Result in line with market expectations, CEO says
Lifestyle property sales in the three months ending September dropped by 60, a decrease of 4.7%, compared to the three months ending August, fresh figures from REINZ have revealed.
In total, 1,225 lifestyle properties were sold during the three months to September, representing a 12.6% decline from the 1,402 sales made during the same period in September last year and down 4.7% from the 1,285 sales during the three months to August.
In the year to September, 5,440 lifestyle property sales were recorded, down by a substantial 27.8% from that of the previous year.

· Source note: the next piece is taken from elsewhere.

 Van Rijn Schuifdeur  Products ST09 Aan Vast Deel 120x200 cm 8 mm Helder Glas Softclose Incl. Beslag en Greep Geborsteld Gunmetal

The cumulative value of the lifestyle properties sold for the year to September was $6.14 billion.
Shane O’Brien (pictured above), rural spokesman at REINZ, said the lower volume of sales was in line with market expectations as buyers looked to adjust to higher interest rates, the slowing of the residential market in some areas, and the October general election.
O’Brien also noted that better weather conditions had led to increased levels of inquiries and open home attendees, which bodes well for the upcoming spring market and the lead-up to Christmas.

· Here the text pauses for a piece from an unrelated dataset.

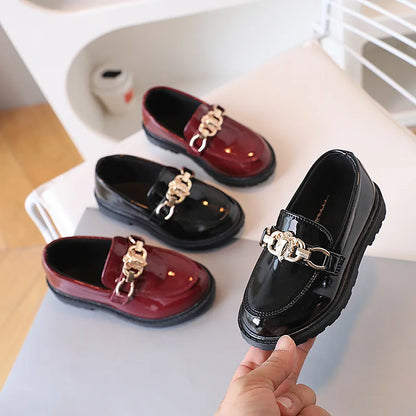 Children's Black Princess Leather Shoes - Soft Sole British Style Performance Shoes for Girls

During the September quarter, the median price for all lifestyle properties sold was $907,500, less by $114,000, or 11.2%, compared to the median price for the same three-month period in September 2022.

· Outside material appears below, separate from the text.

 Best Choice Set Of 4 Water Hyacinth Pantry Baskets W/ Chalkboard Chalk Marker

Over the same period, the median price for Bareland Lifestyle properties was $450,000, which was $20,000 less, or down 4.3%, than in September 2022. For Farmlet Lifestyle properties sold during this period, the median price was $1,020,000, which was $170,000 less, or down 14.3%, compared to the median price in September 2022
“The small reduction in the median value of Bareland sales will in some part be accounted for by buyers considering higher building costs that are being reported across much of the country when buying these properties,” O’Brien said.
“A recent government directive around the subdivision of productive rural land is starting to constrain the supply of Bareland lifestyle blocks in some areas as councils look to accommodate this directive.”
O’Brien said that a particularly wet winter across New Zealand had caused many sellers to delay listing their properties, although there appeared to be an increase in the number of lifestyle properties coming to the market.
“It would appear sale numbers should increase over the next three months as we head towards the year’s end,” she said.
Compared to September 2022, four regions saw an increase in sales, with Taranaki (with 17 more sales) and Nelson/Marlborough (with 12 more sales) seeing the most substantial increases. In contrast, Northland (with 67 fewer sales) and Wellington (with 47 fewer sales) recorded the most significant declines in sales during the three-months to September compared to the same period the prior year. When compared to the three months to August, five regions registered an increase in sales.
Southland had the highest increase in median price for lifestyle blocks, rising by 19.2% between the three months to September 2022 and the September 2023 quarter. On the other hand, Otago and Manawatu-Wanganui saw the most significant declines, with decreases of 23.3% and 19.7%, respectively.
The median days to sell lifestyle properties in the three months to September was 78 days, longer by 28 days compared to September 2022. Southland and West Coast had the shortest selling times at 61 days, while Nelson/Marlborough/Tasman had the longest at 123 days.